Yücel'in bu konuşmalardan yararlanarak gençlere her şeyden önce amaçladığı Mustafa Kemal'in Samsun'a ayak bastığı günün, yakın tarihimiz için çok anlamlı bir gün olduğunu belirtmektir. Ona göre, yeni Türk devletinin Türkiye Cumhuriyeti'nin doğuşu ve başlangıcı 19 Mayıs 1919'dur. Ve bu cumhuriyetin temelinde bağımsızlık, özgürlük ve çağdaşlık yatmaktadır.
Bu konuşmalarda dikkati çeken bir başka özellik de Atatürk'e geniş bir yer verilmiş olmasıdır. Onun her yıl içli, duygulu ve övgü dolu sözlerle anılmasının büyük bir anlamı vardır.
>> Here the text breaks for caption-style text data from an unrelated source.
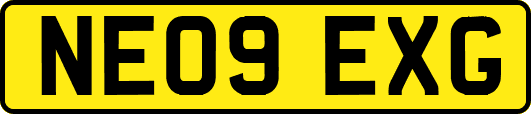 NE09EXG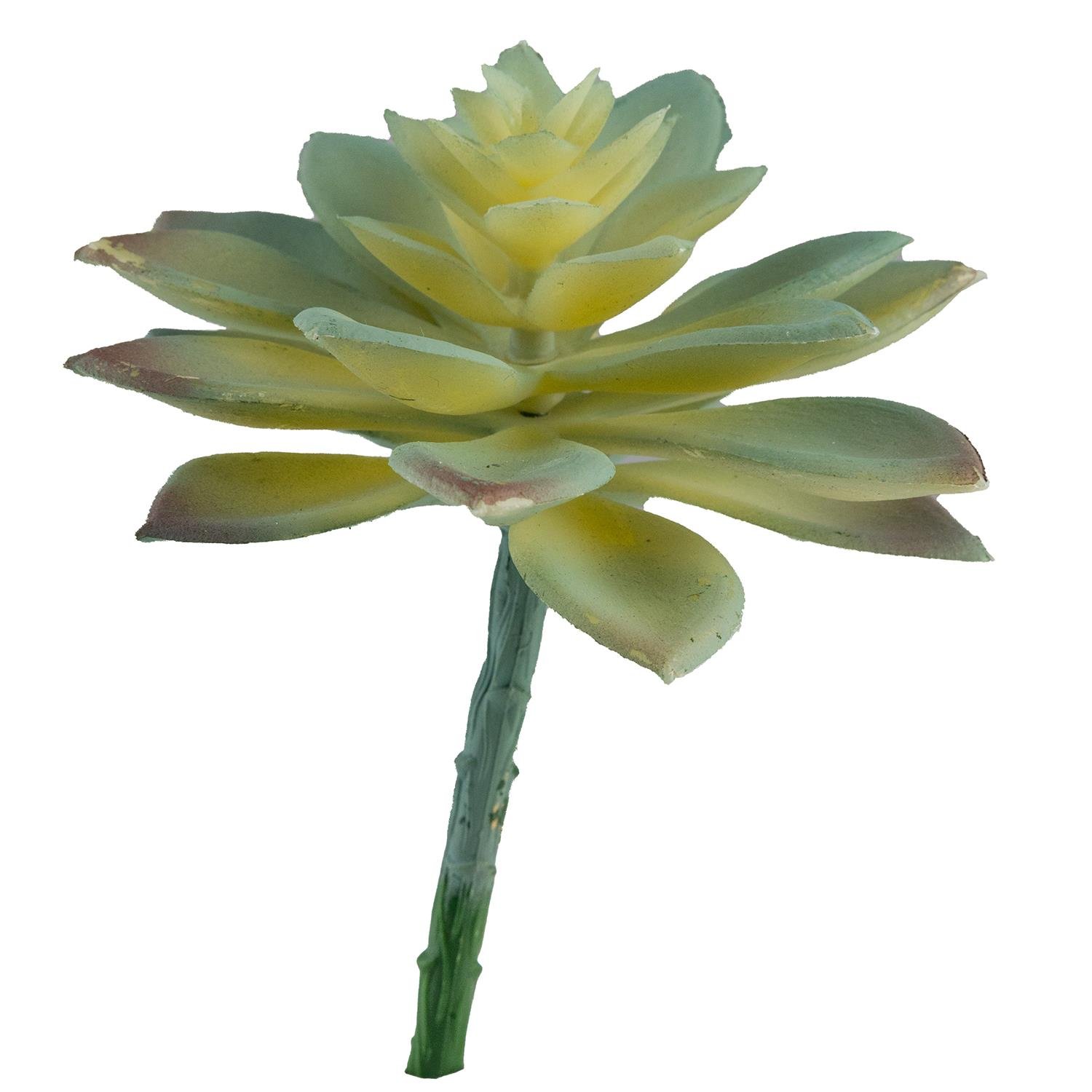 Yapay Mini Etli Echeveria Sukulent Açık Yeşil 12 cm - Sukulentler ve Kaktüsler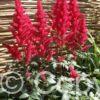 Astilbe Fanal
Çünkü onun ne yaptığını kavramak, onu sevmek, onun devrimlerini benimseyip yaşatmak cumhuriyeti benimsemek, sevmek, korumak ve yüceltmek için şarttır. Yücel'e göre Atatürk sevgisi ile cumhuriyet yönetimine bağlılık, özdeş bir davranıştır.
Gençliğe seslenişlerde işlenen bir başka tema da "vatan ve millet" sevgisidir. Yücel bu sevgiye değinirken Anadolu'nun toprağını, akarsularını, dağlarını, denizlerini dile getirir; ulusu ve yurdu için canlarını verenleri de daima saygı ile anar. Böylece yurt ve ulus sevgisini somutlaştırmaya çalışır. Ayrıca, gençlerden şehitlerimize, gazilerimize ve Kurtuluş Savaşı'nda görev almış kahramanlarımıza karşı saygı beslemelerini ister.
Söz konusu konuşmalarda üzerinde durulan önemli kavramlardan biri de "millî birlik ve beraberlik" kavramıdır. Yücel, gençlere birlik ve dayanışmanın zorunluluğunu anlatır ve ulusun buna ihtiyaç duyduğunu belirtir.
Bu noktanın iyi değerlendirilmesi için Yücel'in bakanlık yaptığı yılların ülkemiz bakımından ne denli bunalımlı yıllar olduğunu hatırlamak gerekir. O yıllar İkinci Dünya Savaşı'nın bütün şiddetiyle devam ettiği yıllardır. Yurdumuz her an bir saldırıya uğramak tehlikesiyle karşı karşıyadır. Yücel, bu durumu göz önünde bulundurarak bir devlet adamı bilinci ve duygusu ile birkaç konuşmasında açıkça, ötekilerinde de örtülü biçimde gelecek güçlüklere, tehditlere karşı gençlere bedence ve ruhça hazırlıklı olmalarını söyler.
19 Mayıs konuşmalarında Yücel'in gençlere sonsuz bir güven beslediği açıkça anlaşılır. Bu güven, aynı zamanda, onun ülkemizin geleceğine ilişkin kesin iyimserliğini de yansıtır. Her konuşmasının sonunda gençlere seslenirken kullandığı sözcükler; çocuklarımızı, gençlerimizi çok seven ve onları koruyan, iyi ahlaklı ve çağdaş bir kişilikle yetiştirmeye çalışan bir eğitimcinin belirgin özelliğini de ortaya koyar.